The proposed new rules, which appear in a consultation paper published last week by financial regulator the Bermuda Monetary Authority, would also mean a higher level of public disclosure, similar to the EU solvency and financial condition report.
The disclosure rules would mean Bermuda firms would have not only have to provide an economic balance sheet, — calculated in a way intended to represent the economics that an arm’s length transfer of assets or liabilities would entail — but also qualitative information about areas ranging from business performance to risk and capital management.
Andrew Smith, executive director of advisory processes at financial services firm EY, said that the BMA proposals were part of a bid to fall into line with new rules in the European Union on insurance.
The EU Solvency II directive is due to come into force in 2016 — and failure to meet the standards would mean Bermuda-based commercial insurers would be placed at a competitive disadvantage when doing business in Europe.
Mr Smith said that the changes meant not only strengthening the requirements, but also adding new rules to laws governing insurance in Bermuda, rather than as part of BMA regulations.
He added: “While it’s not a significant change in the Bermuda requirements for some, for these smaller insurers, the head office requirement is something they will need to think about more carefully.”
Mr Smith was speaking after the BMA released the consultation paper on the changes, designed to ensure Bermuda obtained full equivalency with EU Solvency II rules governing the insurance industry.
He said: “What it will do, what all of this is about, is making sure Bermuda gains the international recognition it needs for Europe to ensure it remains competitive in the international market as a jurisdiction of choice.”
He added: “We will see more people here or hopefully people redoubling their efforts to ensure when they are making decisions about a Bermuda company, they are doing that from Bermuda.
“It’s about companies being real Bermuda insurers or reinsurers.”
Mr Smith said that the proposed changes “strongly suggest” that the BMA wants to have all commercial insurance classes in line with the Solvency II rules.
He explained: “Bermuda’s current regulations have different requirements or implementation timelines for different classes of insurers.
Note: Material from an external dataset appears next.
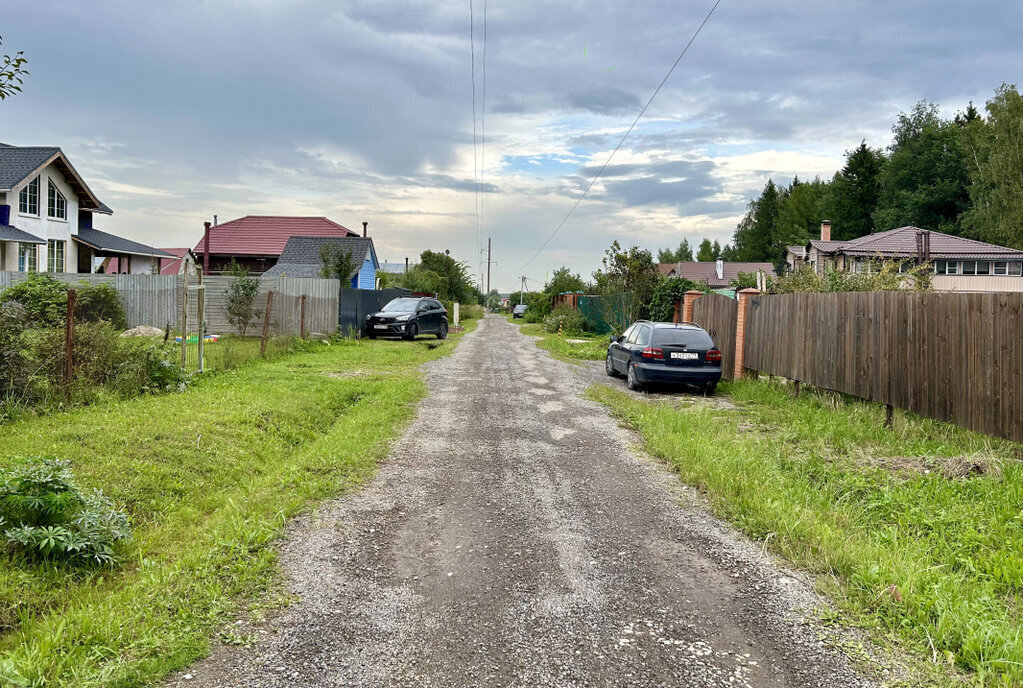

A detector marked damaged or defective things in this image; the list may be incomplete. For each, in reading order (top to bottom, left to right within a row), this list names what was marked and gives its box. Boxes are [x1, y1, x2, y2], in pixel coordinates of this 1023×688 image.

road with potholes [169, 314, 887, 686]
“Under the BMA’s proposals, some smaller insurers and reinsurers may find regulatory harmonisation challenging and some long term life companies could find the revised timelines difficult to meet.”
But he added: “However, in the long run, increased international recognition should benefit this jurisdiction’s market as a whole.”
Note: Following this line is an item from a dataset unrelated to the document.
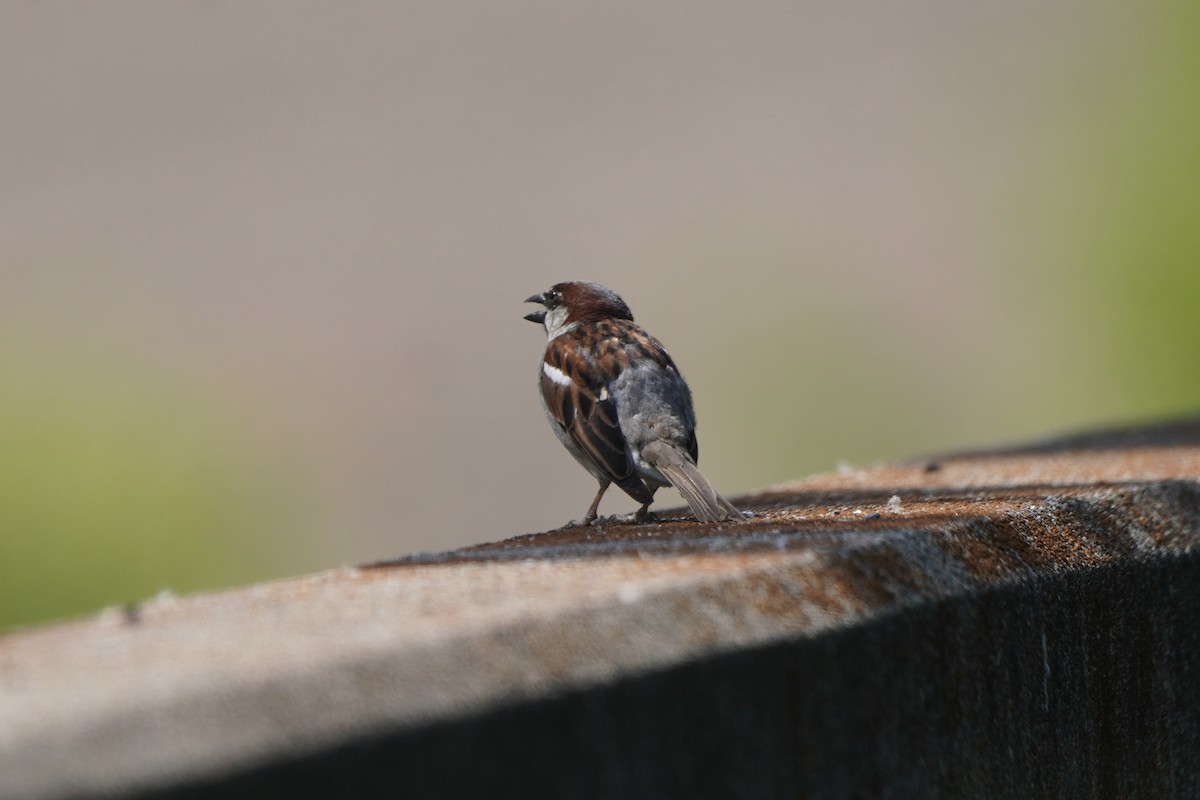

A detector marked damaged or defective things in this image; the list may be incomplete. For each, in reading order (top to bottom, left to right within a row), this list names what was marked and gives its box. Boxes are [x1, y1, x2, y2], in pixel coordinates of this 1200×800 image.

rusty metal surface [2, 422, 1200, 796]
EY partner and Bermuda tax leader Bill Bailey said: “The head office requirements and outsourcing limitations will impact some smaller insurers and reinsurers, but many will not need to change.
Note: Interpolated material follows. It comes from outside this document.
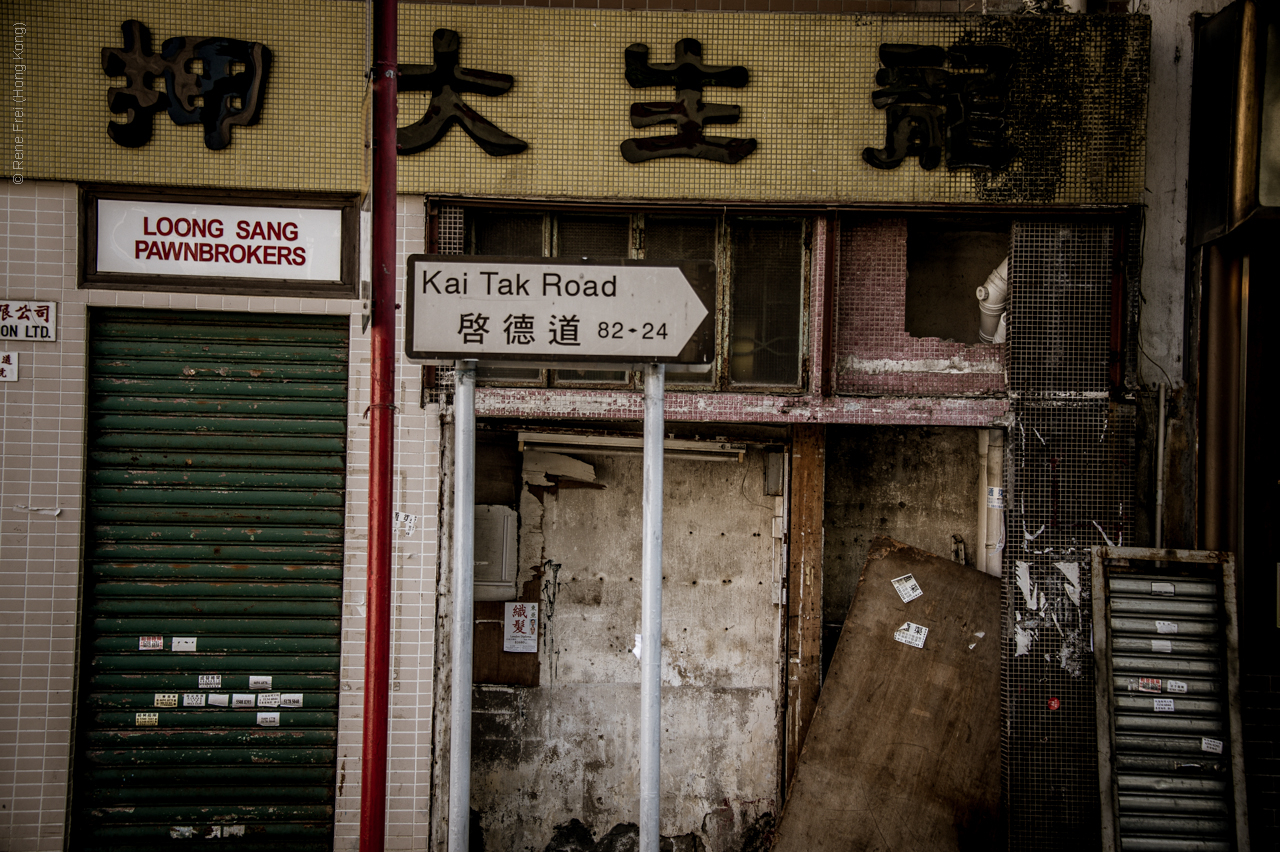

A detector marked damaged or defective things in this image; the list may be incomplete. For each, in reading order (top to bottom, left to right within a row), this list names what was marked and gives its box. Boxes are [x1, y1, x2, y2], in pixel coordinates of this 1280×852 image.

peeling paint surface [473, 447, 778, 844]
“However, any insurers and reinsurers that replace professional outsourced providers by sharing staff across a wider international insurance group will need to be cognisant of unintended tax consequences.
“This is another reason why decisions relating to the Bermuda insurer and reinsurer should be made on Island.
“Bermuda could well see more insurance executives living or spending more time here because of this.”
Pete Cangany, EY senior partner and Bermuda insurance leader, said that many insurance companies already release information similar to the EU solvency and financial condition report — but they would have to “mitigate the risk of confusion in the market when they release it in a new and different format”.
He added: “They will also have to make sure their quality control processes are very robust around any information they are disclosing to the public for the first time under these new regulations.”